I always see this circuit when talking about overvoltage or ESD protection (does this circuit accomplish both, or just one?):
However, I don't understand how it works. Say I put in 20V at Vpin.
So Vpin is at a higher potential than Vdd, so current flows through the diode. But the voltage at the node Vpin is still 20V and the IC still sees 20V – how does this protect the internal circuitry? Furthermore, if an ESD event hit 10,000V to Vpin how does it protect the internal circuitry?
Finally, is the diode D2 there to protect against a voltage below Vss, or does it have some other purpose?
I have tried simulating this circuit, but for some reason it does not work.
Best Answer
The circuit protects against overvoltage and ESD subject to certain conditions. The main assumption is that Vd is "stiff" compared to the energy source on Vpin. This is usually true for Vd = power supply of say 1 A + capabilty amd Vpin is a typical signal source. If Vpin is eg a car battery all bets may be off as to how long it is before D3 is destroyed. .
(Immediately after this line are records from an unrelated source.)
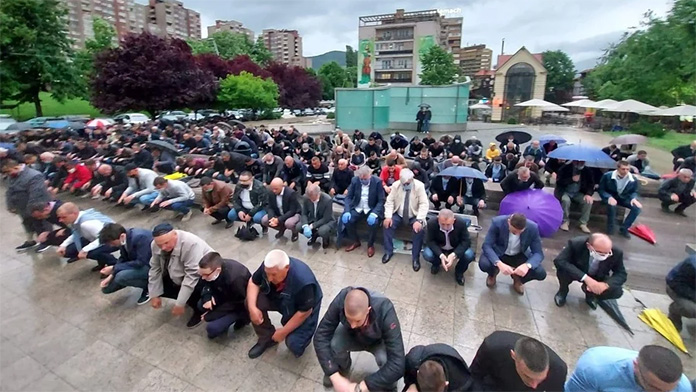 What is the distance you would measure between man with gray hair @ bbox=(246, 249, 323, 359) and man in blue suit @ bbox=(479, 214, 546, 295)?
8.56 feet

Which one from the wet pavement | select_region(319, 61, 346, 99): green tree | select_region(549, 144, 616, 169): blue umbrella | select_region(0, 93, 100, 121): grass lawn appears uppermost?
select_region(319, 61, 346, 99): green tree

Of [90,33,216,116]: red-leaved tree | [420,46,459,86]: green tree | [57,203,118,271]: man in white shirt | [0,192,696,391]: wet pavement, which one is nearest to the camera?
[0,192,696,391]: wet pavement

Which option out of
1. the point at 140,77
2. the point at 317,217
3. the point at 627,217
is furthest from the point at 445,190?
the point at 140,77

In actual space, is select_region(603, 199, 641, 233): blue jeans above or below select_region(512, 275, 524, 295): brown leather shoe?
above

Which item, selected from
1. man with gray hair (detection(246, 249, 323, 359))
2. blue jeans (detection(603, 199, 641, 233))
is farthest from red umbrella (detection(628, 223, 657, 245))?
man with gray hair (detection(246, 249, 323, 359))

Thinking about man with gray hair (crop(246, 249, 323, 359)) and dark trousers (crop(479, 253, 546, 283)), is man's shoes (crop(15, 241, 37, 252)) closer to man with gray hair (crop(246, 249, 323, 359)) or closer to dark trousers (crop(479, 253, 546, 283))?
man with gray hair (crop(246, 249, 323, 359))

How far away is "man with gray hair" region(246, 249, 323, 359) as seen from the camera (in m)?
3.27

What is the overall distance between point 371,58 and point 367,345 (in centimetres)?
7423

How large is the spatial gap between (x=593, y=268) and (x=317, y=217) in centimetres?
423

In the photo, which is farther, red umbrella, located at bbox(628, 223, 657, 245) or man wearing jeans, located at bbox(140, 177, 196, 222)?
man wearing jeans, located at bbox(140, 177, 196, 222)

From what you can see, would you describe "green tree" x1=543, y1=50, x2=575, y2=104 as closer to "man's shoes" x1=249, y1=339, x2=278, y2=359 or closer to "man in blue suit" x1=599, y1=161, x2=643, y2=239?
"man in blue suit" x1=599, y1=161, x2=643, y2=239

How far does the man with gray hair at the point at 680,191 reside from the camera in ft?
24.0

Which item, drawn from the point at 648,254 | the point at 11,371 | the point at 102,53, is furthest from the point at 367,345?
the point at 102,53

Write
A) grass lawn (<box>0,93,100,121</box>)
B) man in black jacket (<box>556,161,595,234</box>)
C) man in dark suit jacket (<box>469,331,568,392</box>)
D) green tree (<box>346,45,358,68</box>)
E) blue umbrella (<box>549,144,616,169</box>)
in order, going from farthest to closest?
1. green tree (<box>346,45,358,68</box>)
2. grass lawn (<box>0,93,100,121</box>)
3. man in black jacket (<box>556,161,595,234</box>)
4. blue umbrella (<box>549,144,616,169</box>)
5. man in dark suit jacket (<box>469,331,568,392</box>)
As shown, the input Vpin is connected to Vdd via diode D3. Either
- The input will be clamped to one diode drop above Vd because the source does not have enough energy to raise the voltage of Vd or
- Vd will rise to near Vpin - only if Vpin is a lot "stiffer" than Vd. Not usually, or
- D3 will be destroyed as the energy source and sink duke it out
It is usual to add a small resistor - say 1k to 10k between Vpin and the D2 D3 junction.
Vpin now must drop ~= Vpin-Vd across the resistor.
ESD: The same circuit works the same way for ESD whch is "just" a higher voltage lower energy (you hope) energy source. Again, a series input resistor helps. Aspects such as rise-time and energy available and possibly even diode response time become important.